A newly identified genetic problem underlies a common neuromuscular disorder called facioscapulohumeral muscular dystrophy (FSHD), scientists say. In a new study, they show that deletion of repetitive DNA sequences in people with this disorder allows nearby genes to go into overdrive. The finding solves a decade-old riddle about the cause of this disorder and may ultimately lead to the first effective treatments.

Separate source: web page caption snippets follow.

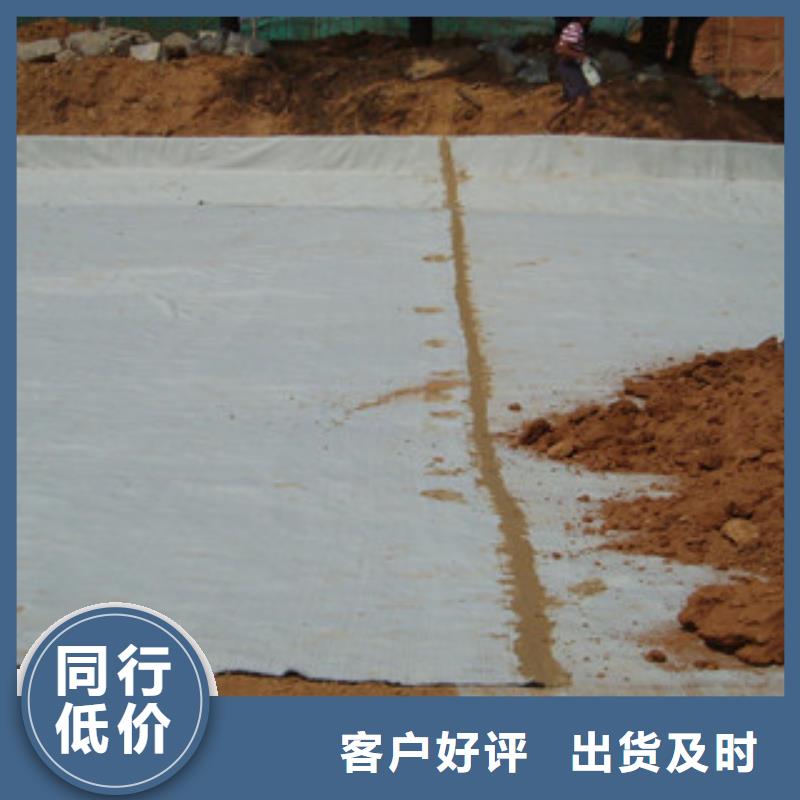 膨润土防水毯,钢塑土工格栅买的放心安兴用的舒心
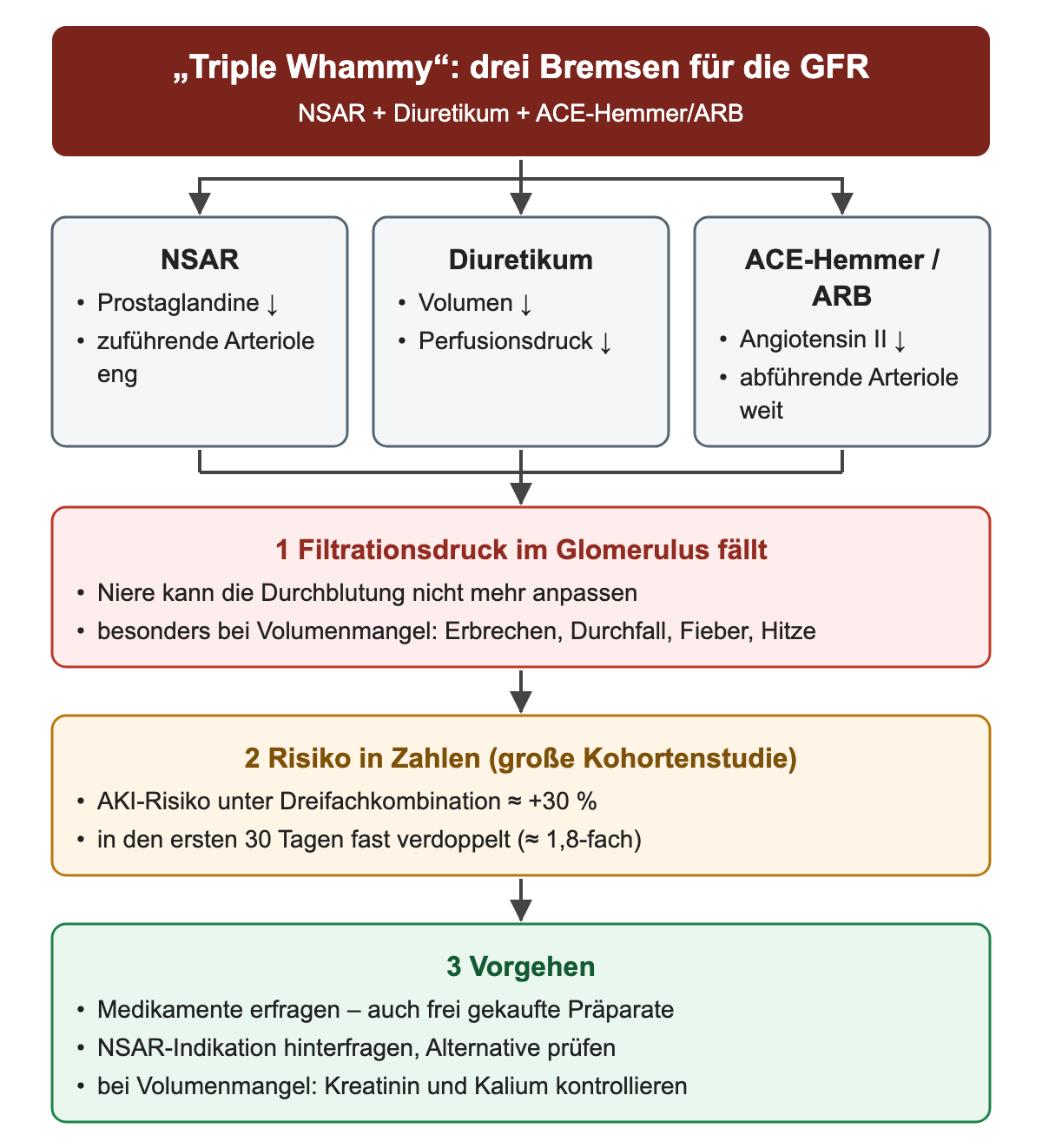 Drei Kästen – NSAR verengen die zuführende Arteriole, Diuretika senken das Volumen, ACE-Hemmer oder ARB erweitern die abführende Arteriole – münden in einen fallenden glomerulären Filtrationsdruck, das Risiko in Zahlen und das praktische Vorgehen.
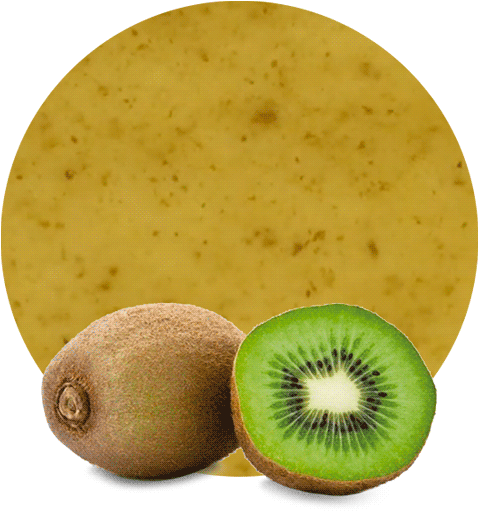 A Kiwi Fruit And A Half Of A Kiwi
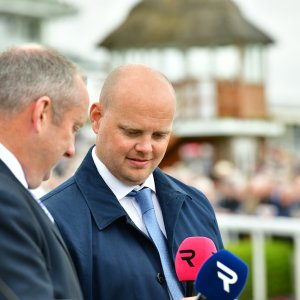 York | Dante Festival | 15,16/5/25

The study found that abnormally short strings of repeated DNA sequences on chromosome 4 interfere with the function of a protein complex that controls nearby genes. This leads to over-activity of several genes that may play a role in the disorder. This type of genetic problem has never before been identified in a human disease. The study was funded in part by the National Institute of Neurological Disorders and Stroke (NINDS) and appears in the August 9, 2002, issue of Cell.*

Scientists first linked the short strings of DNA in this region to FSHD in 1992. People with FSHD typically have fewer than 11 copies of this nucleic acid sequence, called D4Z4, due to a deletion of part of the chromosome. In contrast, people without the disorder usually carry between 11 and 150 copies of the sequence. People with a very small number of copies (three or fewer) have severe disease symptoms that begin in childhood, while those with several more copies typically have milder symptoms that begin in the teens or early adulthood. However, until now, researchers have been unable to determine exactly how the number of DNA sequences influences the disease.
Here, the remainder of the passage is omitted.